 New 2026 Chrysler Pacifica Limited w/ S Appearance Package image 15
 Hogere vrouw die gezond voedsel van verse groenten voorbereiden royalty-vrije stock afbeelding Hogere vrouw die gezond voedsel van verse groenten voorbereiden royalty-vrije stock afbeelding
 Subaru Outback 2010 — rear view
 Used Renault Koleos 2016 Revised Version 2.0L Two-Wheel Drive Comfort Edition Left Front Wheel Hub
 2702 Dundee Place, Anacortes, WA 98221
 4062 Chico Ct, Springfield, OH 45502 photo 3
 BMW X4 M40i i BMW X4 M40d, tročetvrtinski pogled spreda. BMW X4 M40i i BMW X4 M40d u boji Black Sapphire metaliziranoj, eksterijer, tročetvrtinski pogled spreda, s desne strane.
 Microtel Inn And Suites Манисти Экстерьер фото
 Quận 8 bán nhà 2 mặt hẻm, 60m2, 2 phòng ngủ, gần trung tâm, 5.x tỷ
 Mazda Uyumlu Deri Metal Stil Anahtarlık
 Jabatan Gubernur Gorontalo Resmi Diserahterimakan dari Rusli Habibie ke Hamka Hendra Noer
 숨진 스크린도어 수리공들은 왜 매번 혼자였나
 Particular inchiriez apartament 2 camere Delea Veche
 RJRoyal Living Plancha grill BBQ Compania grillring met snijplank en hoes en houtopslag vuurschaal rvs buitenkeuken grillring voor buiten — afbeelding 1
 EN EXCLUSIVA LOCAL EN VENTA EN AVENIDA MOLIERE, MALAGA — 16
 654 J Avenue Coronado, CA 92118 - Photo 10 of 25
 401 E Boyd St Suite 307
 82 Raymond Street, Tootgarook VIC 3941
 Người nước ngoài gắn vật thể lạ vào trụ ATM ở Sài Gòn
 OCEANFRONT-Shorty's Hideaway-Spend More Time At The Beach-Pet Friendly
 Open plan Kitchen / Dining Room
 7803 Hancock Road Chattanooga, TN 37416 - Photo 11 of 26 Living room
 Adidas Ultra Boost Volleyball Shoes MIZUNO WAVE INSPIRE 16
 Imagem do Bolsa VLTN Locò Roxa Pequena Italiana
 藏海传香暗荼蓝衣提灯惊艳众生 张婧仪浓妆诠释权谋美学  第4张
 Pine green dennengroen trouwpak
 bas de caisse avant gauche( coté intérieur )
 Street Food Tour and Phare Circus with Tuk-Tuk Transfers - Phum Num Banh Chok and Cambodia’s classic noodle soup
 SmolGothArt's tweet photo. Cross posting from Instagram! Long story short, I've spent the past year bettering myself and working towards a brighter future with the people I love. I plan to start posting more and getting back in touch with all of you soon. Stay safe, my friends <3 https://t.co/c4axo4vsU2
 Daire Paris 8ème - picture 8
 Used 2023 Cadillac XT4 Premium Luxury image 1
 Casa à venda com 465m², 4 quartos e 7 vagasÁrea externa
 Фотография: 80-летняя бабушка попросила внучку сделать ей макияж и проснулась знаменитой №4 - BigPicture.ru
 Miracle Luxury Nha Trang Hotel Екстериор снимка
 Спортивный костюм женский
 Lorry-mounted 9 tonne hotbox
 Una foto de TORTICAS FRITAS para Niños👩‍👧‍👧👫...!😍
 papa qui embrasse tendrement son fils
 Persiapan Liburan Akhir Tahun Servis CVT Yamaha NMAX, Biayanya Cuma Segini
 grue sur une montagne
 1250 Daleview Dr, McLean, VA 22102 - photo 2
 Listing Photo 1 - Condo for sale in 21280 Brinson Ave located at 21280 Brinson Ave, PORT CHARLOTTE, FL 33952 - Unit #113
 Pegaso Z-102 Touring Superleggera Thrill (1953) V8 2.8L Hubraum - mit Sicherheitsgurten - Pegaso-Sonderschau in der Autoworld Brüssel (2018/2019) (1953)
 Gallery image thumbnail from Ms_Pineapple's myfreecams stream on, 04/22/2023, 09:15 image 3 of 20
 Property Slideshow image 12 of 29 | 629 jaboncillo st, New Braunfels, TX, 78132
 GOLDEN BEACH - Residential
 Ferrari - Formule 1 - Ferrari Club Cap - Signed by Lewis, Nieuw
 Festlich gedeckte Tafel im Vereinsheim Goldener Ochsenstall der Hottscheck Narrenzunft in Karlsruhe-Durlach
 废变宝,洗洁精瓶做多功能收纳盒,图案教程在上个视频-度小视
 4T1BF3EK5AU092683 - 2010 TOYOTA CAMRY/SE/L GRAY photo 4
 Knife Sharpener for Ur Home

▸ **Task to carry out**
Wherever the string "with" appears in the entries above, return the line it appears on.

▸ **Response to this task**
 Street Food Tour and Phare Circus with Tuk-Tuk Transfers - Phum Num Banh Chok and Cambodia’s classic noodle soup
 SmolGothArt's tweet photo. Cross posting from Instagram! Long story short, I've spent the past year bettering myself and working towards a brighter future with the people I love. I plan to start posting more and getting back in touch with all of you soon. Stay safe, my friends <3 https://t.co/c4axo4vsU2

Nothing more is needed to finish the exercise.